E che avrebbe evitato di far salire le sofferenze bancarie dell'Italia sopra i 200 miliardi.

MEA CULPA SULLE STIME DI CRESCITA. Di quel governo Giulio Terzi di Sant’Agata, già ambasciatore all’Onu e in Israele, era ministro degli Esteri.

Con lui Lettera43.it ha provato a fare chiarezza su quello che successe in quei giorni: «Il governo stimò una crescita che non si realizzò», ammette Terzi.

Che però difende le scelte fatte dall'esecutivo Monti: «Non potevamo chiedere la bad bank, eravamo convinti di non poterci accollare ulteriore debito. Ci avremmo rimesso sulla strada della credibilità e non potevamo supportare un commissariamento».

DOMANDA. Ricorda il dibattito sulla bad bank?

RISPOSTA. Onestamente non ricordo un grande dibattito in Consiglio dei ministri.
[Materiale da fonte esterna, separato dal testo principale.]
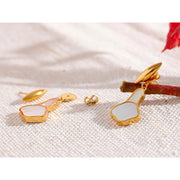 Shell Geometric Drop Earrings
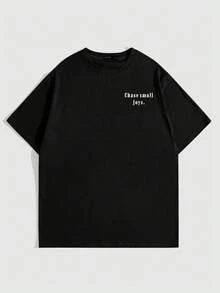 ROMWE MEN Men's Hip Hop Letter Print Color Block Short Sleeve T-Shirt Fashion - Black - View 2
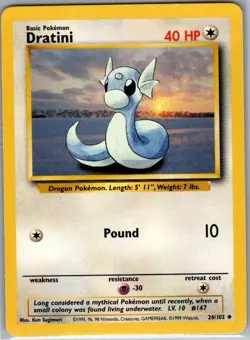 Dratini 26/102 Non Holo Base Set - Pokemon Card - NM - Image 1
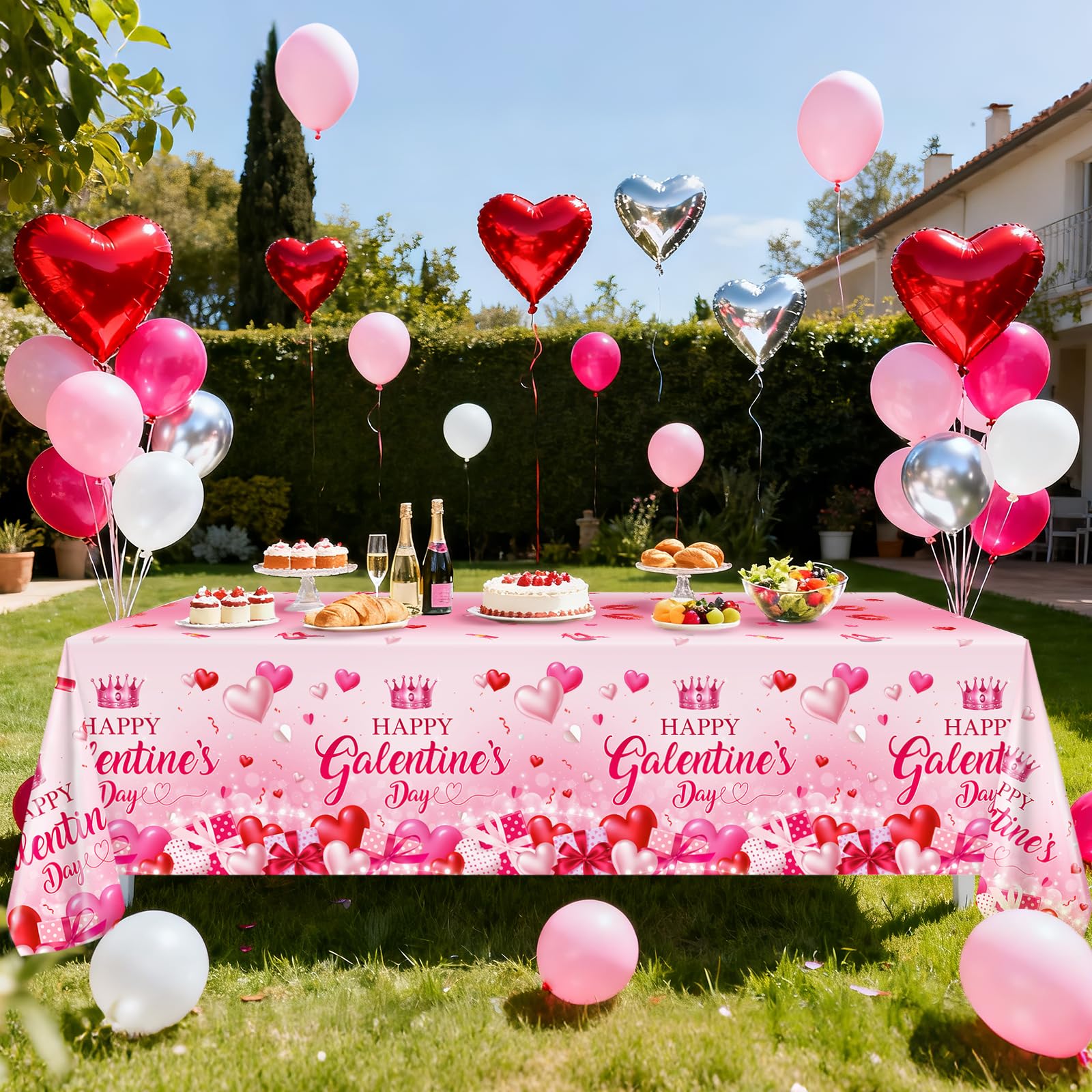 Avezano 3-Piece Galentines Day Tablecloth Set | 108 x 54 in Disposable Plastic Table Cover with Heart Print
Dovrei ricostruire tutte le riunioni. Ne parlammo, ma sicuramente non fummo coinvolti a un livello decisionale del tipo: la bad bank si fa oppure no.

D. Chi gestì la cosa?

R. Il dossier era in mano al ministro dell'Economia Vittorio Grilli e al premier Mario Monti. E non ci fu sicuramente il dibattito che seguì la ratifica del Fiscal compact, le clausole di salvaguardia sull’Iva o la riforma delle pensioni.

D. Fiscal compact sì, bad bank no?

R. Con il Fiscal compact il governo, nel suo insieme, fu consapevole di sottoscrivere un accordo che portava il Paese in un percorso di contenimento del deficit e, soprattutto per i mercati finanziari, di aggressione al debito. Si ricorda la pressione sulla spending review? Ci credevamo davvero, anche se queste politiche furono rallentate dalla centinaia di atti amministrativi che non avevamo messo in conto.
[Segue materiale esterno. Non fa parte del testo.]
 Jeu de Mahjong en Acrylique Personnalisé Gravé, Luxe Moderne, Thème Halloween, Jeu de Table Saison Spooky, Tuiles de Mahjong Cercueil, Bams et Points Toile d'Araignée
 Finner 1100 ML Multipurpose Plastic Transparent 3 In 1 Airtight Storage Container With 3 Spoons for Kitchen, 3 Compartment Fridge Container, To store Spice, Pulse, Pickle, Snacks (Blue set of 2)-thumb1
D. Sceglieste comunque il rigore.

R. Era una strada obbligata in quella fase. Con tutta la tensione sui mercati l’obiettivo primario era ridare credibilità al Paese. Dimostrare - come facemmo con il Fiscal compact – che il Paese aveva le capacità finanziaria per rispondere agli impegni presi a livello internazionale.
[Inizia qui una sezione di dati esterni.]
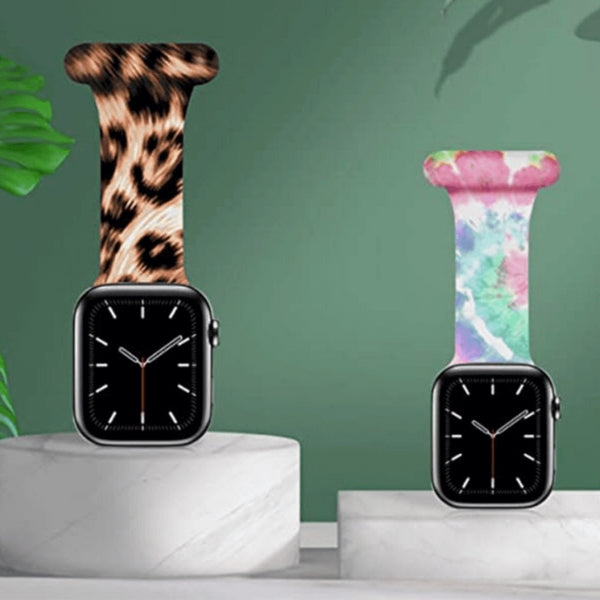 Apple Watch Nurse Pin Fob Strap Leopard The Salty Fox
D. Altri Paesi salvarono le loro banche.

R. Noi legammo al Fiscal compact il varo di una serie di misure destinate alla crescita, che favorissero il rilancio del Paese e il consolidamento del sistema creditizio. Forse nessuno oggi ricorda che l’Unione bancaria fu una proposta di Monti.

D. Il dossier, però, è ancora aperto.

R. Monti prese in contropiede gli ambienti europei. Il suo era un piano complesso, che seguiva una discussione complicata: comprendeva la mutualizzazione delle responsabilità sulla tenuta bancaria, un controllo sulle banche sistemiche e una rete di sostegno a livello europeo accanto al veicolo d’intervento, l’Esm.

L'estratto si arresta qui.